◆ RECORDS TO PROCESS:
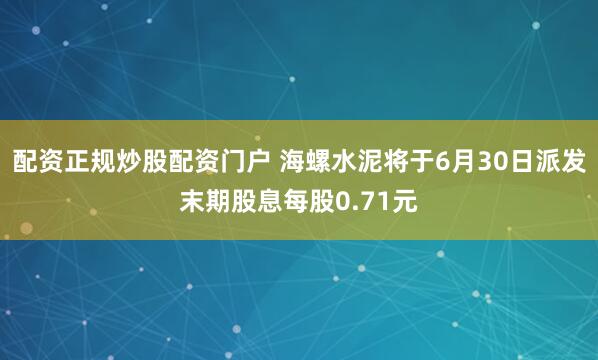 配资正规炒股配资门户 海螺水泥将于6月30日派发末期股息每股0.71元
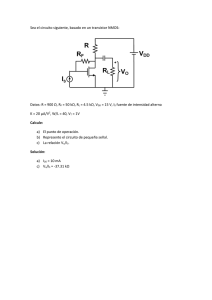 Sea el circuito siguiente, basado en un transistor NMOS: Datos: R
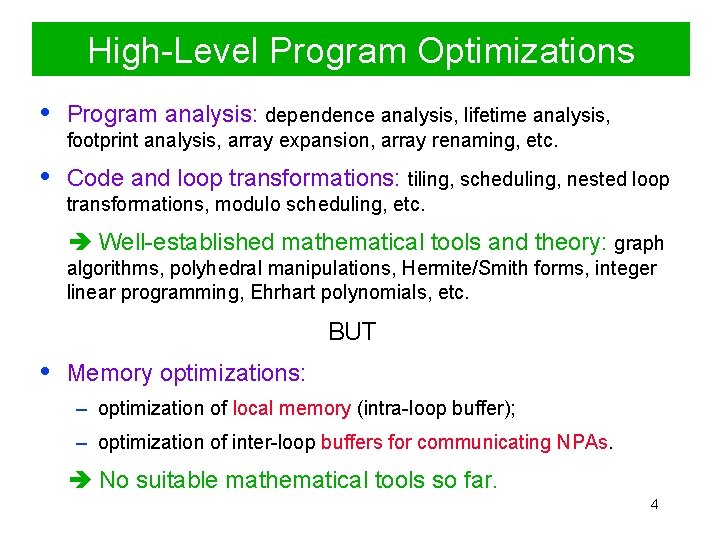 High-Level Program Optimizations • Program analysis: dependence analysis, lifetime analysis, • Code and loop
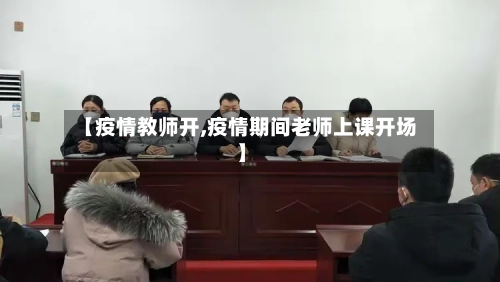 【疫情教师开,疫情期间老师上课开场】-第1张图片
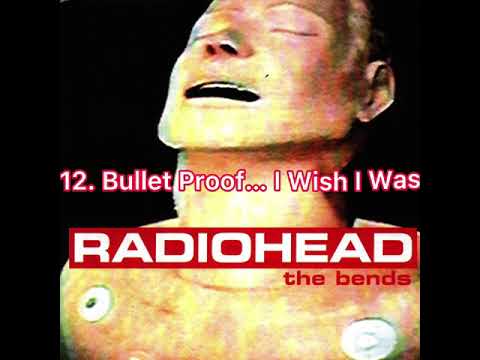 Ranking every song from Radiohead - The Bends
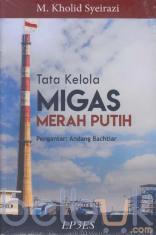 Tata Kelola Migas Merah Putih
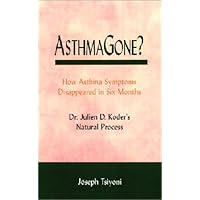 AsthmaGone? How Asthma Symptoms Disappeared in Six Months AsthmaGone? How Asthma Symptoms Disappeared in Six Months Paperback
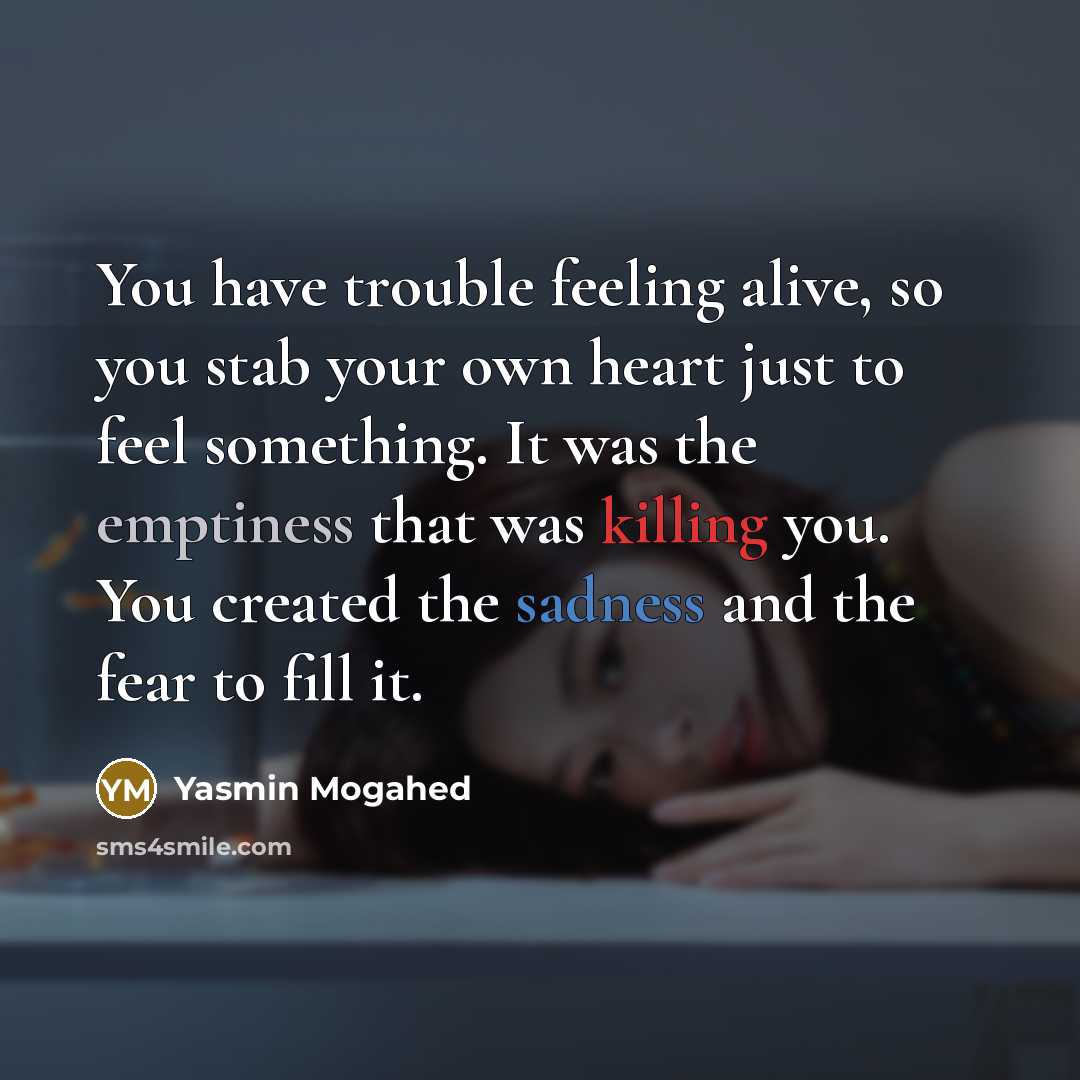 “You have trouble feeling alive, so you stab your own…” quote by Yasmin Mogahed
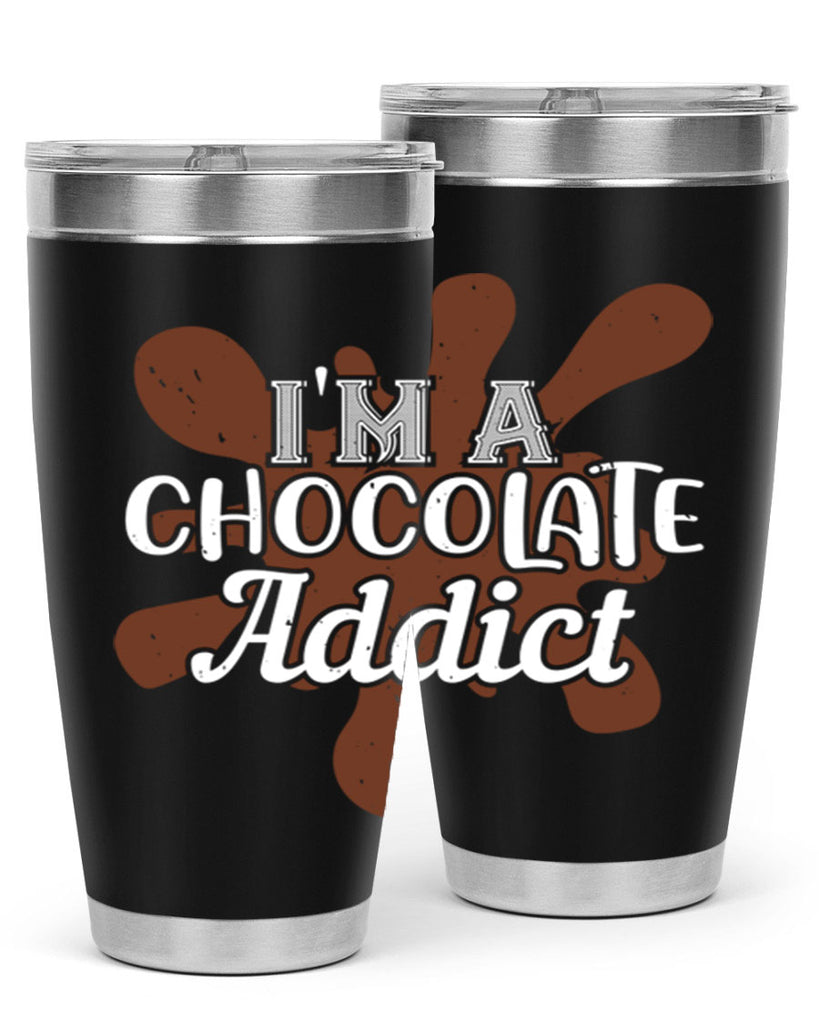 im a chocolate addict 33#- chocolate- Tumbler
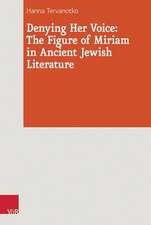 Denying Her Voice: The Figure of Miriam in Ancient Jewish Literature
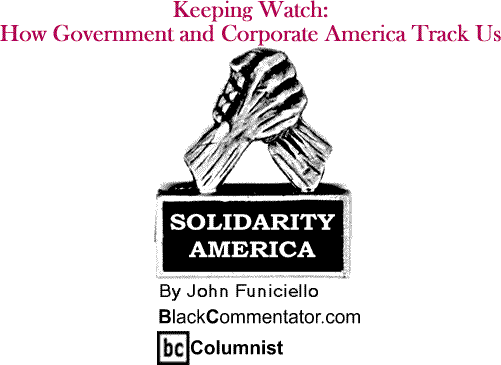 BlackCommentator.com - Keeping Watch: How Government and Corporate America Track Us - Solidarity America - By John Funiciello - BlackCommentator.com Columnist
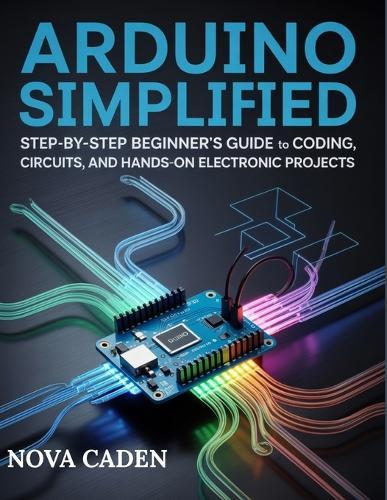 Arduino Simplified: Step-by-Step Beginner's Guide to Coding, Circuits, and Hands-on Electronic Projects
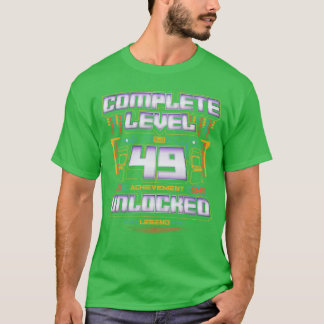 Level 49 Ontgrendeld Legende 49e Verjaardag G T-shirt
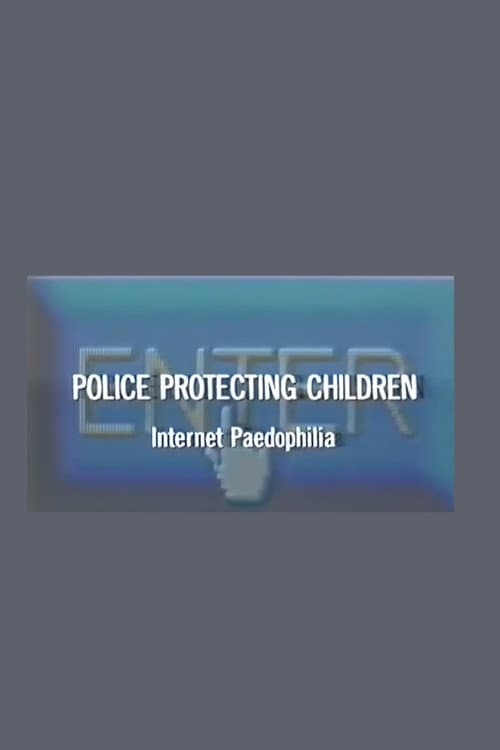 Постер до фільму «Police Protecting Children - Internet Paedophilia»
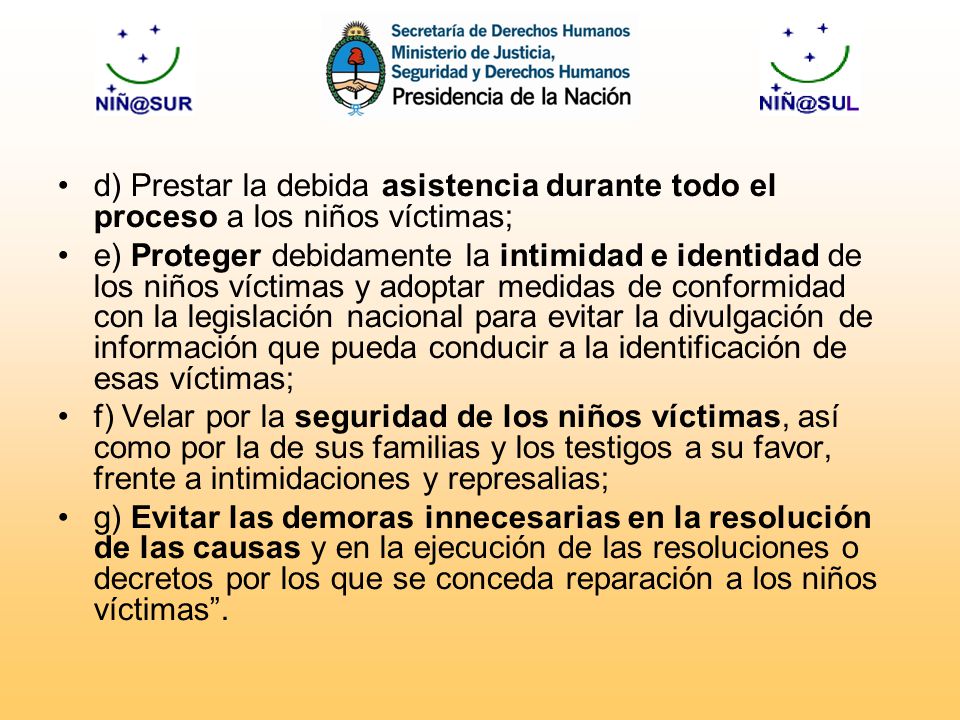 d) Prestar la debida asistencia durante todo el proceso a los niños víctimas;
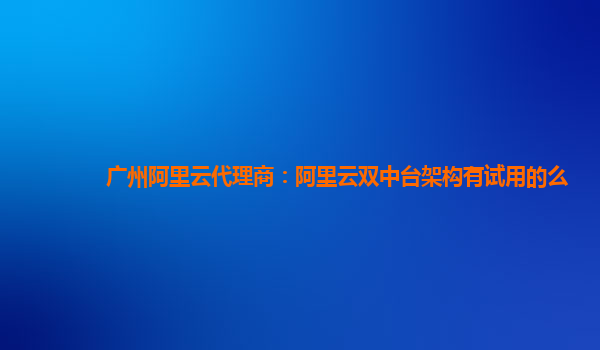 广州阿里云代理商：阿里云双中台架构有试用的么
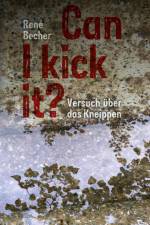 Can I kick it? af René Becher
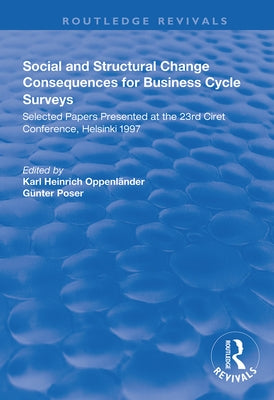 Social and Structural Change: Consequences for Business Cycle Surveys - Selected Papers Presented at the 23rd Ciret Conference, Helsinki by Oppenländer, Karl Heinrich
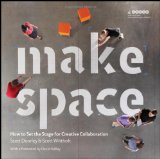 Make Space How to Set the Stage for Creative Collaboration cover art
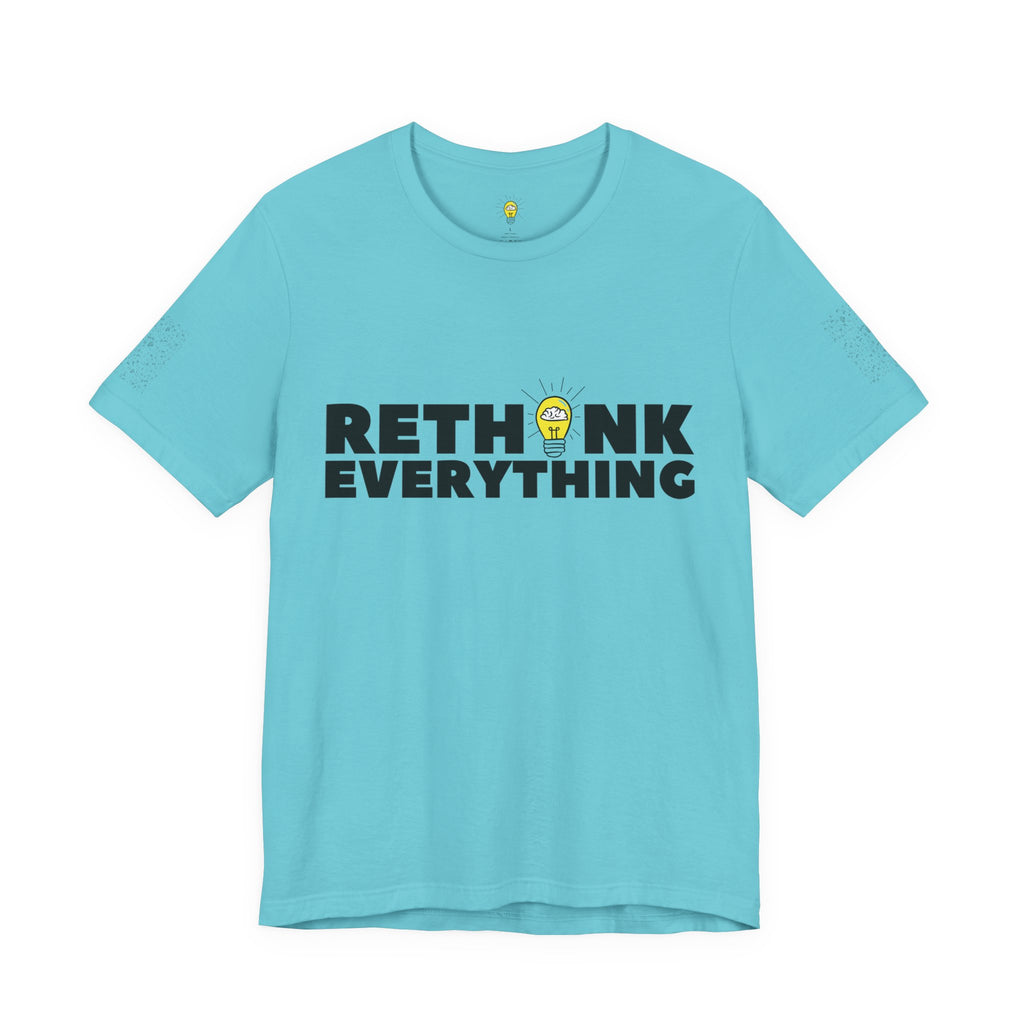 Rethink Everything Shirt | Bold Graphic Tee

◆ REQUIRED WORK: Starting at the line with "BlackCommentator.com - Keeping" in the entries above, write out every line exactly until the line with "Social and Structural" has been written. Include no pictures and nothing more.

◆ ANSWER SECTION:
 BlackCommentator.com - Keeping Watch: How Government and Corporate America Track Us - Solidarity America - By John Funiciello - BlackCommentator.com Columnist
 Arduino Simplified: Step-by-Step Beginner's Guide to Coding, Circuits, and Hands-on Electronic Projects
 Level 49 Ontgrendeld Legende 49e Verjaardag G T-shirt
 Постер до фільму «Police Protecting Children - Internet Paedophilia»
 d) Prestar la debida asistencia durante todo el proceso a los niños víctimas;
 广州阿里云代理商：阿里云双中台架构有试用的么
 Can I kick it? af René Becher
 Social and Structural Change: Consequences for Business Cycle Surveys - Selected Papers Presented at the 23rd Ciret Conference, Helsinki by Oppenländer, Karl Heinrich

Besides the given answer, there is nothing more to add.